= Henry C. Yuen =

Henry Che-Chuen Yuen (Chinese: 袁子春; born 7 April 1948, in Shanghai, China) is a founder and former CEO of Gemstar-TV Guide International. He has a PhD in applied mathematics from Caltech. He worked briefly at Caltech and New York University, then obtained a law degree from Loyola Law School.

He founded Gemstar in 1986. Called a "patent terrorist" for his aggressive litigation regarding the company's patent portfolio, he was also lauded as "the Bill Gates of TV", even negotiating a generous settlement with Microsoft for per-unit royalties and advertising revenue from Microsoft's WebTV and Ultimate TV set-top boxes. Commenting in 2001 on his approach to business, he remarked: "In business, where I am right now, the only rules that exist are the ones you make."

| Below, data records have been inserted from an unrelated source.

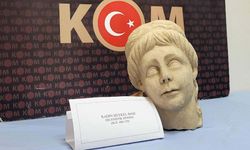2 bin yıllık heykel başını sakladıkları yer şok etti!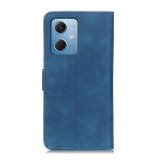 Peňaženkové kožené puzdro KHAZNEH na Xiaomi Redmi Note 12 5G – Modrá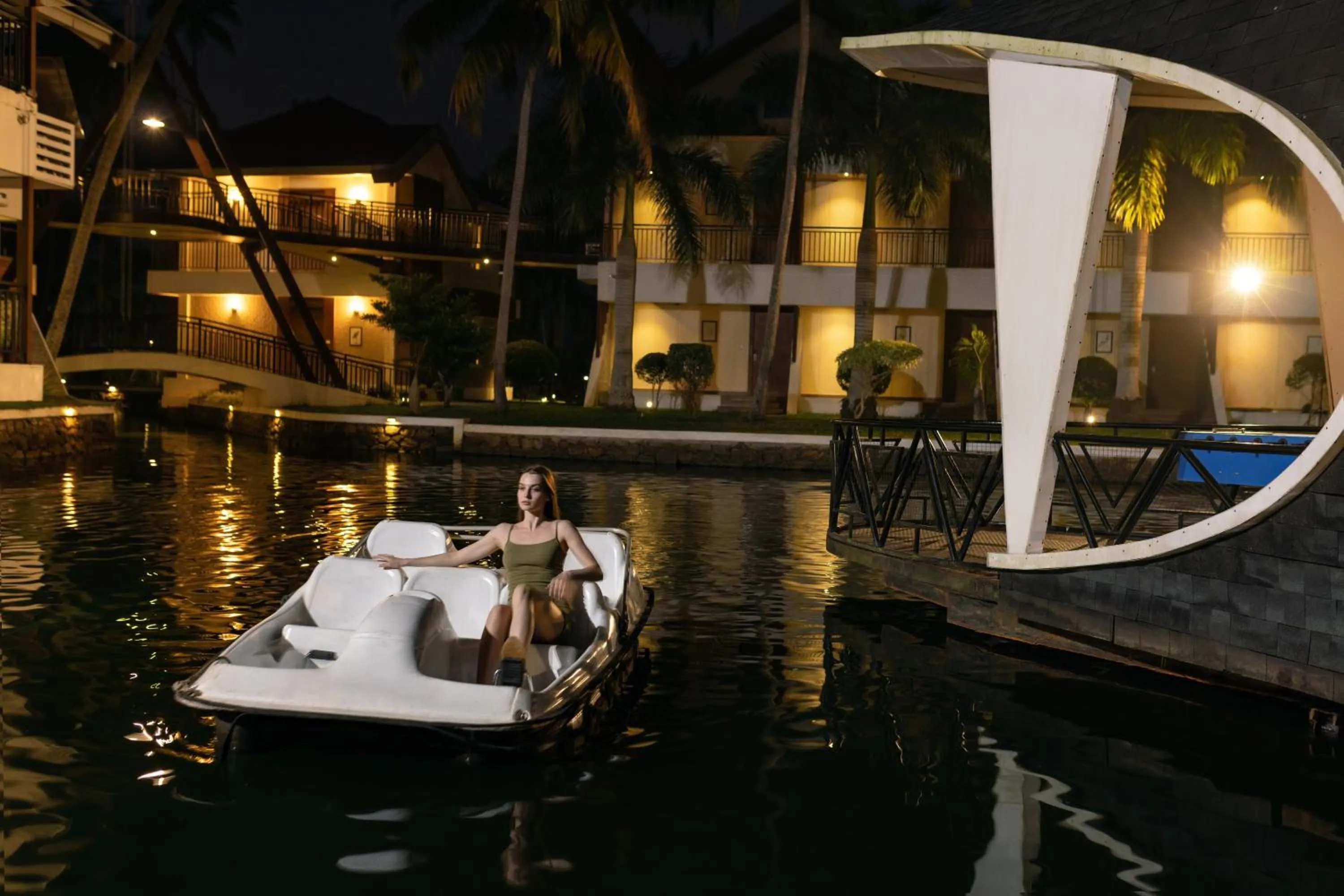 Activities in Lake Canopy Alleppey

After he merged Gemstar with TV Guide - he became notorious for constructing irrational and obscure business plans that had no relevance and relationship with the realities of the media business.
He was fired from Gemstar in 2003, after the company revealed criminal manipulation of revenue recognition initiated by Yuen and other accounting problems. He was convicted of securities fraud in 2006, and ordered to pay $22 million in penalties. As of April 25, 2007, his whereabouts are unknown.